Compared to confocal microscopy, light sheet microscopy generates 3,000 times the amount of data. Now, a custom-designed four-lens selective plane illumination microscope (SPIM) has become the first such microscope to process image data in real time and generate results rather than raw data. Using two high-speed sCMOS cameras and on-board image processing, the researchers, from the Max Planck Institute and Technical University (both in Dresden, Germany), delivered undistorted, high-resolution images of the entire endoderms of multiple zebrafish embryos in <10 s.1
|German researchers' specially designed four-lens selective plane illumination microscope (SPIM) is the first to generate high-resolution images, not just raw data, in real time.|
Jan Huisken, research group leader of Max Planck, explained, "We exploited the spherical geometry of the embryos and the speed and sensitivity of the Zyla sCMOS camera [Andor Technology, Belfast, Ireland] to compute a radial maximum intensity projection of each individual embryo during image acquisition. An entire zebrafish embryo can now be instantaneously projected onto a 'world map' to visualize all endodermal cells and follow their fate. This reveals characteristic migration patterns and global tissue remodeling in the early endoderm and, by merging data from many samples, we have uncovered stereotypical patterns that are fundamental to embryo development."

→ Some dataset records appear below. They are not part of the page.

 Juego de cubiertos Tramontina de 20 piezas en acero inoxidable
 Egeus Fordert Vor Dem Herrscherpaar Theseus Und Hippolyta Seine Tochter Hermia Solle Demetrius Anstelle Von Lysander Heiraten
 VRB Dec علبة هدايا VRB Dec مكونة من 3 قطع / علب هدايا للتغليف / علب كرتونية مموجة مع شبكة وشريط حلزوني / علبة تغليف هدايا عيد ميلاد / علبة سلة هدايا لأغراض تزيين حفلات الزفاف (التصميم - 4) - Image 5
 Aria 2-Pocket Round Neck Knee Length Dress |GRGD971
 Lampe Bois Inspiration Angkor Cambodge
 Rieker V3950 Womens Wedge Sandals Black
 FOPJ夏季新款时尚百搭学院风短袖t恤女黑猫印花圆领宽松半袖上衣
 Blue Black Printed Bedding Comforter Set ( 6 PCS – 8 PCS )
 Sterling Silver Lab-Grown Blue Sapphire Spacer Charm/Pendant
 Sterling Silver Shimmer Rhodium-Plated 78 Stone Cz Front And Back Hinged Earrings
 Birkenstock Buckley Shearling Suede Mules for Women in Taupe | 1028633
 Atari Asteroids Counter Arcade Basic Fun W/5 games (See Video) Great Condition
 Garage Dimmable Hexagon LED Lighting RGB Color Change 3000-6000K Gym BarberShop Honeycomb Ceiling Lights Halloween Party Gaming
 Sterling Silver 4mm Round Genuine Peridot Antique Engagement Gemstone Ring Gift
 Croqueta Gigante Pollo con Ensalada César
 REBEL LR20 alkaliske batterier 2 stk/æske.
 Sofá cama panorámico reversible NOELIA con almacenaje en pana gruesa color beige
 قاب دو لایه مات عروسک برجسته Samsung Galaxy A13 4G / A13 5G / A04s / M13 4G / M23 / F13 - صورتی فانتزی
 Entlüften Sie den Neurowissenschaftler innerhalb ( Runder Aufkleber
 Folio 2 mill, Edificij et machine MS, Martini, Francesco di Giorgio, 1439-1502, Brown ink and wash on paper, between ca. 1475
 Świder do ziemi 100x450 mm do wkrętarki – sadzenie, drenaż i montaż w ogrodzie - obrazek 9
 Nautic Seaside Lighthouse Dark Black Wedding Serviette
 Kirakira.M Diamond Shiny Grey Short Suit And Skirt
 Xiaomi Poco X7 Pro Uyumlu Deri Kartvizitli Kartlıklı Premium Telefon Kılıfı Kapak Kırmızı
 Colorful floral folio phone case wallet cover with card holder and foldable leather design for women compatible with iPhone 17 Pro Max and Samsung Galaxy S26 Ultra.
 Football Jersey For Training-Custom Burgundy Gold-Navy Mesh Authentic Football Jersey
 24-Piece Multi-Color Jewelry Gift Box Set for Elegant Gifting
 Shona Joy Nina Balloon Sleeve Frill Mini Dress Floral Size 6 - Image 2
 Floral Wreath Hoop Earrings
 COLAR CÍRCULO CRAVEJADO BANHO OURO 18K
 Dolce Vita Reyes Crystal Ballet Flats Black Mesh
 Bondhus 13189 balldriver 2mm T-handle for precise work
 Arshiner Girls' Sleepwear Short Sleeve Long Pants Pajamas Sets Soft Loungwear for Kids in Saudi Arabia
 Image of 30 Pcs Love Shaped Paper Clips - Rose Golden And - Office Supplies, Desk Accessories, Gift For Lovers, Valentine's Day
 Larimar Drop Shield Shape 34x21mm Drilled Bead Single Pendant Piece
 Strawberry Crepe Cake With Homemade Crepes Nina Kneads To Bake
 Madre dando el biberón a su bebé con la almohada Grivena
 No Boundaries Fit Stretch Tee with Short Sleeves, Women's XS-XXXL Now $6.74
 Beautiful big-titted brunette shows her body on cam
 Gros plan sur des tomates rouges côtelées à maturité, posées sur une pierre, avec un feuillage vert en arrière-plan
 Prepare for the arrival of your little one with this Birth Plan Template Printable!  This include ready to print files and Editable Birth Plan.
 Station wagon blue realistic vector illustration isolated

The camera data were not saved at any point, so any 3D information not captured in the projection was lost. But the radial projection delivered immediate, pre-processed data for analysis and enabled experiments to be repeated rapidly. "This new technique will not eliminate the need for slow 3D imaging techniques in more complex shapes, but it is a highly effective strategy to streamline further analysis and increase throughput in many applications," he said.
1. B. Schmid et al., Nat. Comm., 4, 2207 (2013); doi:10.1038/ncomms3207.